Paper
Monday, November 14, 2005
This presentation is part of : Health Education for Youth
Technology and Practice: Are Point-of-Care Blood Tests Useful Tools in Identifying At-Risk Youth?
Ruth C. McGillis Bindler, RNC, PhD and Margaret A. Bruya, DNSc, ARNP, FAAN. College of Nursing, Washington State University, Spokane, WA, USA
Learning Objective #1: Interpret data comparing point-of-care technology with “gold standard” laboratory measures for at-risk youth
Learning Objective #2: Apply research findings to identify youth at risk of overweight and chronic disease in clinical nursing settings

Type 2 diabetes and cardiovascular disease are serious, debilitating, and increasingly common. Their roots are linked with current lifestyles, and risks can be identified in youth. This study applied Urie Bronfenbrenner's bioecological model to evaluate ethnically diverse/socioeconomically-challenged youth in clinic/school settings. The study's purpose was to describe the incidence of risk factors in the children, and to evaluate the effectiveness of point-of-care analysis. A non-experimental descriptive design examined children from 5-18 years in nurse-practitioner managed clinic/CareMobile/school sites from October 2002-June 2003 in an inland northwest urban setting. Measurements included height, weight, body mass index (BMI), acanthosis nigricans, blood pressure, family history, and point-of-care finger-stick analysis of glucose/lipids. Children =/> 85th percentile for BMI with two additional risk factors were invited to return for fasting blood draw, dietary analysis, and exercise testing. A total of 118 children were included in initial analysis, 42 met high risk criteria, and 23 returned for fasting serum blood analysis. Of the initial sample, 48% (n=57) had BMI =/> 85th percentile and 36% (n=42) had high BMI and 2 other risk factors. Significant correlations were found for point-of-care vs. fasting HDL (r=.591, p=.003) and triglyceride (r=.534, p=.010), while nonsignificant results were found for total cholesterol (r=.373, p=.087), LDL (r=.301, p=.185), and glucose (r=-.056, p=.804). Descriptive data on the sample and further correlations among study variables will be provided.
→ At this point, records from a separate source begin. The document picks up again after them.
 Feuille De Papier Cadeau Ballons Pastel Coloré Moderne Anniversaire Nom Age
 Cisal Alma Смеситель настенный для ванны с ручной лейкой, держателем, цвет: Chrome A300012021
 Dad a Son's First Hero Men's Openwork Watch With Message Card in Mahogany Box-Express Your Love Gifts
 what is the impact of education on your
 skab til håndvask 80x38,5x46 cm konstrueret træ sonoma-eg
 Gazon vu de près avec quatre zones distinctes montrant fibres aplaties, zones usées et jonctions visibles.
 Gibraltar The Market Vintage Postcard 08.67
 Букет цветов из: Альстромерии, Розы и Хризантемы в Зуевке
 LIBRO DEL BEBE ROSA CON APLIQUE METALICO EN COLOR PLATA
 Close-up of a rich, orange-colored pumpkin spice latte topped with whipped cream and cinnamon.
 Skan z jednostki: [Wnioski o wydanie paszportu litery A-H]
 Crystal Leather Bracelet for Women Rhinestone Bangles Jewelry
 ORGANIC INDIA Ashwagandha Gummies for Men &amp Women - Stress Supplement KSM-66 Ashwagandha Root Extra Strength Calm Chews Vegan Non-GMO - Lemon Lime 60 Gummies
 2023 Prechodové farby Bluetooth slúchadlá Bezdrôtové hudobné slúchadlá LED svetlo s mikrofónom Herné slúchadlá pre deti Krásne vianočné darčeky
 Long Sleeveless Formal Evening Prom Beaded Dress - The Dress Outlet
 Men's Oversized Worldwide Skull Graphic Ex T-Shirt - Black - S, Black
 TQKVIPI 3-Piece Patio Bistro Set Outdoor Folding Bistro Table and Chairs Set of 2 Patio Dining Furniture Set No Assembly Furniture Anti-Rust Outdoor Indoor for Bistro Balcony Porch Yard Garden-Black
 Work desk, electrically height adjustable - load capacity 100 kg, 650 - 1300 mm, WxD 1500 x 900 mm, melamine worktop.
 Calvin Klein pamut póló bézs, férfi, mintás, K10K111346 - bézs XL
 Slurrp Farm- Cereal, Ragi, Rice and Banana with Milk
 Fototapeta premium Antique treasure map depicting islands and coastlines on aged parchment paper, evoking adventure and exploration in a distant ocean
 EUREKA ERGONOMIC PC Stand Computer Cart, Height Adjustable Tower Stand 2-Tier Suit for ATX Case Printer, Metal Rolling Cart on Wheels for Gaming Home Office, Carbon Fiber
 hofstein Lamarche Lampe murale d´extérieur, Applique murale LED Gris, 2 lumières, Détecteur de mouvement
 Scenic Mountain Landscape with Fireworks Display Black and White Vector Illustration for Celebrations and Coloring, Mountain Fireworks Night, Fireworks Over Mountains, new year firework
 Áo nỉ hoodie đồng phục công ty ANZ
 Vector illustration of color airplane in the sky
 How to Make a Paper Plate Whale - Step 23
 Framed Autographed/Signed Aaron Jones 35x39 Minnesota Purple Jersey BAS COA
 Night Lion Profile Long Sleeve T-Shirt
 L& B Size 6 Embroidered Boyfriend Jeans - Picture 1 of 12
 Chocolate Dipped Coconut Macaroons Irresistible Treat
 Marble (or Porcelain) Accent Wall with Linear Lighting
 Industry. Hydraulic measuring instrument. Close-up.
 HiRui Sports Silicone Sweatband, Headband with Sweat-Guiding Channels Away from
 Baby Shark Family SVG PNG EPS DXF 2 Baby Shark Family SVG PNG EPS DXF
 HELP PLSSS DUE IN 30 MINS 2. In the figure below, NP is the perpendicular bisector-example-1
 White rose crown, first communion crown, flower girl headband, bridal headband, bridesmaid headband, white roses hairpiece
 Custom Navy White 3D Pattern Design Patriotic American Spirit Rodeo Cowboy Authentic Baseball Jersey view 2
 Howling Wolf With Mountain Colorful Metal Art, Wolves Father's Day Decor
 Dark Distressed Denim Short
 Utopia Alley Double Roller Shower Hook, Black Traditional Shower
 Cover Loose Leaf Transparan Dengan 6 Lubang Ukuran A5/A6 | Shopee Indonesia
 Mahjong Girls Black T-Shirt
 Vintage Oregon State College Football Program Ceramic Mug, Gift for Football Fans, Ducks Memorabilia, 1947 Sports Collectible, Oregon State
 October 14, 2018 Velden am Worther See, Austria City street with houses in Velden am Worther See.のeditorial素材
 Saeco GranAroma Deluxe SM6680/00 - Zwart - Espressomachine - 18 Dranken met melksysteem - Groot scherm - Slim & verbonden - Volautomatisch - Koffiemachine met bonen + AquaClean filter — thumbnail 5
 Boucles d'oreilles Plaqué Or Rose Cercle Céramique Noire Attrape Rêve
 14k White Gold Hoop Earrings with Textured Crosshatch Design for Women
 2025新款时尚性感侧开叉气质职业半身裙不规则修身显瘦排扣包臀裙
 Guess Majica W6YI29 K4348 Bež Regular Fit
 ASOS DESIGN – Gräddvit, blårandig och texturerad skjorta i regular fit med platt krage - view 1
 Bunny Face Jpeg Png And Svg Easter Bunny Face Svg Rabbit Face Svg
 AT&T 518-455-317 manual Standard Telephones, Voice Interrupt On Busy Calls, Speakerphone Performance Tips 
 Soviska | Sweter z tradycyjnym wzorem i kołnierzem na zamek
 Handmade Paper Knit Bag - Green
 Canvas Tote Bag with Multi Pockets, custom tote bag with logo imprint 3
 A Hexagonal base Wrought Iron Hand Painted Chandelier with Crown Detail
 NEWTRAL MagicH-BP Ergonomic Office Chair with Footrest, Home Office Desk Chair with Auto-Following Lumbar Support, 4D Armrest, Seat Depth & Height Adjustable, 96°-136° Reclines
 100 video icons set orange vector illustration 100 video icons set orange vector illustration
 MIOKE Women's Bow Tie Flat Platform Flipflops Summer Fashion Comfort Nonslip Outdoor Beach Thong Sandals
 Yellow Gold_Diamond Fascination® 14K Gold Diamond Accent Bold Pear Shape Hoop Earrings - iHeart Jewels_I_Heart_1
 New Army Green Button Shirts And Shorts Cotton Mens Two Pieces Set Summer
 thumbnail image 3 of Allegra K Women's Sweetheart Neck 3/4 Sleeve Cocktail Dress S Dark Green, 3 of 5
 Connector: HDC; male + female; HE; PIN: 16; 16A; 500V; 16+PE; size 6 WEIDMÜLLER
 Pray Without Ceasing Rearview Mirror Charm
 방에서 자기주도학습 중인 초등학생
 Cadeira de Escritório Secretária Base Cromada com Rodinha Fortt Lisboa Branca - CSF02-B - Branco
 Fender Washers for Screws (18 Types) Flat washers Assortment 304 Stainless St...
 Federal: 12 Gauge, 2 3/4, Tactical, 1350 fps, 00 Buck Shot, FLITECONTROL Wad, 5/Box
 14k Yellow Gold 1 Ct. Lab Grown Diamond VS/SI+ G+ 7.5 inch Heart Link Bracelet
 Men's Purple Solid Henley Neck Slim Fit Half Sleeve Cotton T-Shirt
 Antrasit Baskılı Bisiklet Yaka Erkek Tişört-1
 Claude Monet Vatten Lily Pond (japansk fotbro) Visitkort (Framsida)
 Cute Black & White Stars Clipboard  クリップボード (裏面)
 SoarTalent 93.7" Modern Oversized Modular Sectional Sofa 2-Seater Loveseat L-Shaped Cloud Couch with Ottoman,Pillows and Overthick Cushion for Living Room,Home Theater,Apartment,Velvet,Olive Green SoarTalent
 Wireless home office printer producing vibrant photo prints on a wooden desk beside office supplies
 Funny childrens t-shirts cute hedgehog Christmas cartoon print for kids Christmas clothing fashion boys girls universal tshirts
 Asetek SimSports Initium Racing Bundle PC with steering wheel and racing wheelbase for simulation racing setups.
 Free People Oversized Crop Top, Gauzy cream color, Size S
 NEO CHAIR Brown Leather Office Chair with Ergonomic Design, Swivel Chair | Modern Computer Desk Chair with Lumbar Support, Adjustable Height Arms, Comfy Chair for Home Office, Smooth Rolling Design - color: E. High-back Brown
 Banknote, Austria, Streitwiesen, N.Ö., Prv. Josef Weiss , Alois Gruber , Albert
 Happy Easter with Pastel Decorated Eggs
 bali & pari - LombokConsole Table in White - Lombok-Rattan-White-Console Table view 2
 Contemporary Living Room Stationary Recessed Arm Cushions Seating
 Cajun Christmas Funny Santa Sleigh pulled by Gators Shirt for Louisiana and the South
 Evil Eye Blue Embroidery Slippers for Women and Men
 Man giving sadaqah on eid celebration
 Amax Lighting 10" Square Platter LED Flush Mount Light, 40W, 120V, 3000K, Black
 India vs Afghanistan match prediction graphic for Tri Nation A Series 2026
Researchers concluded that a high risk of chronic disease was present in this vulnerable population. Point-of-care machines had limited usefulness in expanding identification of risk over usual assessments. The researchers reiterate the importance of evaluating height, weight, blood pressure, and family history in settings with youth. Careful analysis of results to identify youth in need of additional testing and intervention will be emphasized by the presenters, enabling session participants to apply these evidence-based findings in care of youth.